- _PROMPT_
Each line below with the word "Green" needs to be copied.

- _Caption-style text data_
--------

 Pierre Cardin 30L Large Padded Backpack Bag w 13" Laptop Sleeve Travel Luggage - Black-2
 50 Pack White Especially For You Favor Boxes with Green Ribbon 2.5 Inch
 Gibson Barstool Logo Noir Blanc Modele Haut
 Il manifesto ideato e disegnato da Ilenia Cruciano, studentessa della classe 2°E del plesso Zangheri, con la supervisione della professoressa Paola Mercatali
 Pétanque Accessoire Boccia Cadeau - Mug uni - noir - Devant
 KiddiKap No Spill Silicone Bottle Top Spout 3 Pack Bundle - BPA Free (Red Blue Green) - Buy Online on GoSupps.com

--------

- _RESULT OF THIS TASK_
 50 Pack White Especially For You Favor Boxes with Green Ribbon 2.5 Inch
 KiddiKap No Spill Silicone Bottle Top Spout 3 Pack Bundle - BPA Free (Red Blue Green) - Buy Online on GoSupps.com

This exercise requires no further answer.